Senators Call on New Saudi Ambassador to Push for Women’s Rights. On April 19, 18 of the Senate’s 25 female members penned a bipartisan letter to the new Saudi ambassador, Princess Reema bint Bandar bin Sultan Al Saud, urging her to take a leading role in improving the lives of Saudi women. The senators took issue with a number of obstacles facing Saudi women, including strict guardianship laws and detention and reported torture of women’s rights activists.
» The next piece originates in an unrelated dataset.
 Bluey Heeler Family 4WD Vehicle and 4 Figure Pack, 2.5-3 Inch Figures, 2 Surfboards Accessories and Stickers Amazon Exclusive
CODELs to Tunisia, Egypt, and the West Bank. This week, two senators traveled to the Middle East and North Africa as parts of congressional delegations (CODELs). First, Senator Lindsey Graham (R-South Carolina) led a CODEL that included a stop in Tunisia. Among other topics, Graham discussed the situation in neighboring Libya, but he was caught off-guard when he found out that President Trump all but blessed General Khalifa Haftar as he has tried to take over the Libyan capital by force. Senator Ron Wyden (D-Oregon) took a separate trip, visiting Egypt and the West Bank to discuss regional developments with officials in both places.
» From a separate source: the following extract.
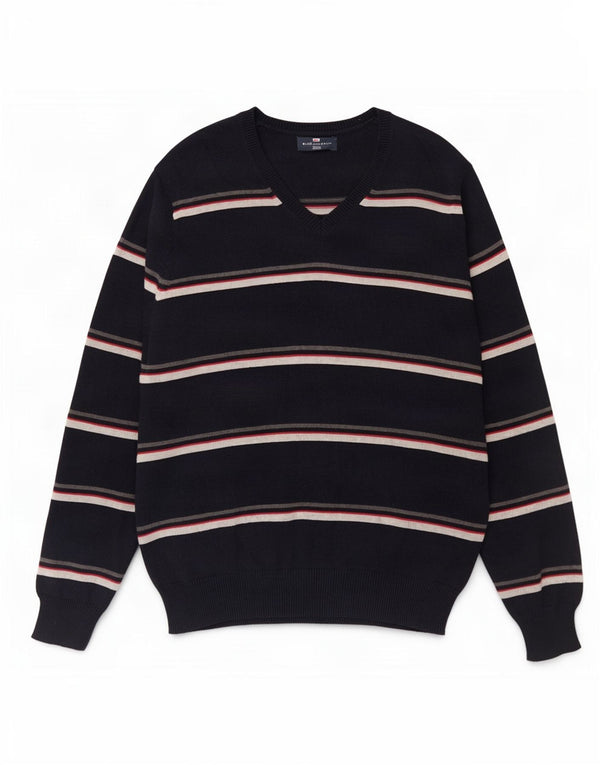 Ανδρικό πουλόβερ Marks & Spencer Blue Harbor με λαιμόκοψη με λαιμόκοψη με μεσαίο ριγέ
Sanders Calls on Congress to Override Trump’s Veto of War Powers Resolution. On April 22, Senator Bernie Sanders (I-Vermont) announced that he was circulating a “Dear Colleague” letter in an attempt to garner enough votes to override President Trump’s veto of the War Powers Resolution.

II. Executive Branch

1) White House

President Trump Speaks to Libya’s Haftar. The White House stated this week that President Donald Trump spoke to Libyan General Khalifa Haftar on April 15, several days before the White House issued a statement on the events in Libya. The timing is curious, as the United States sided with Russia at the UN Security Council to scuttle a resolution calling for a ceasefire just days after Haftar and Trump spoke. Many observers suspect that the Trump Administration has sided with Haftar’s backers in the Gulf (e.g., Saudi Arabia) and the phone call was tantamount to supporting Haftar’s march on Tripoli. Indeed, Trump recognized Haftar’s “significant role in fighting terrorism and securing Libya’s oil resources, and the two discussed a shared vision for Libya’s transition to a stable, democratic political system.” Read more on Libya here.

2) Department of State

Pompeo, State Officials Meet with UAE Officials over Iran, Libya, Sudan. During the last week, Secretary of State Pompeo and other State Department officials met with representatives from the UAE to coordinate policies toward Iran, Libya, and Sudan. First, Abu Dhabi Crown Prince Mohammed bin Zayed (MBZ) met with the US Special Presidential Envoy for Hostage Affairs Robert C. O’Brien in the Emirati capital on April 17 and later MBZ spoke on the phone with President Trump. Separately, UAE Foreign Minister Abdullah bin Zayed visited with Secretary of State Pompeo and National Security Advisor John Bolton this week in Washington. Lastly, the UAE’s ambassador to Sudan, Hamad Mohammed Humaid Al Junaibi, met with US Deputy Assistant Secretary for African Affairs, Ambassador Makila James, in Khartoum. In all of these meetings, US and Emirati officials spoke about the two sides’ mutual interests; it is becoming apparent that those interests include supporting authoritarian leaders in Sudan and Libya, while the leaders from Washington and Abu Dhabi also coordinate policies toward Iran.

Pompeo Speaks with Iraqi Prime Minister After Iran Waiver Decision. On April 22, Secretary Pompeo phoned Iraqi Prime Minister Adel Abdul-Mahdi to reiterate US support for Iraq. This was likely meant to alleviate concerns that Baghdad may have about being caught between the United States and Iran in Washington’s “zero tolerance” campaign against Tehran.

Rewards for Justice: $10 Million for Information about Hezbollah Financial Networks. Also on April 22, the State Department announced that it would offer rewards of up to $10 million to anyone who could provide “information leading to the disruption of the financial mechanisms of the global terrorist organization Lebanese Hezbollah.”

Ambassador Jeffrey to Travel to Switzerland for Syria Talks. Ambassador Jim Jeffrey travels to Geneva on April 24, the State Department announced this week. Jeffrey will meet with UN Special Envoy for Syria Geir Pedersen to discuss ways to further the United Nations’ version of the peace process in that country.